Увлекает Брюллова и Рубенс. Отношение к его творчеству классицистической школы точно выразил Энгр: «Рубенс и Ван Дейк могут ласкать глаз, но они его обманывают: они колористы плохой школы — школы лжи». Брюллов судит иначе: «Рубенс — молодец, который не ищет нравиться и не силится обмануть правдоподобием… В его картинах роскошный пир для очей… У Рубенса пируй, а с ним не тягайся и ему не подражай». Интересно, что Делакруа отмечает, по сути, те же свойства Рубенса: «Во всем сверхизобилен… его картины напоминают сборища людей, где все говорят сразу».

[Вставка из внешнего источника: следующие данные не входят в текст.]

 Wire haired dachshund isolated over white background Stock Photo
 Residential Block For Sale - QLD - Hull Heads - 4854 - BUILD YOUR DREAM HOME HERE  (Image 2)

Рубенсом Брюллов любуется, восхищается свободной живописностью, учится, как избежать мелочного правдоподобия. Ван Дейк ему ближе. В его строгих парадных портретах есть чему поучиться. Брюллов изучает, как мастер пользуется мазком, одновременно и лепящим форму, и дающим богатую цветовую характеристику предмета, как цветовое богатство сочетается у него со строгой сдержанностью. Его покоряет безукоризненность рисунка, верность колорита, близкого натуре и потому бесконечно разнообразного: «Живопись его не расцвечена пестрыми, нелепыми пятнами; положение фигур естественно, освещение незатейливое, наконец, круглота, ловкость письма и много силы», — говорит он.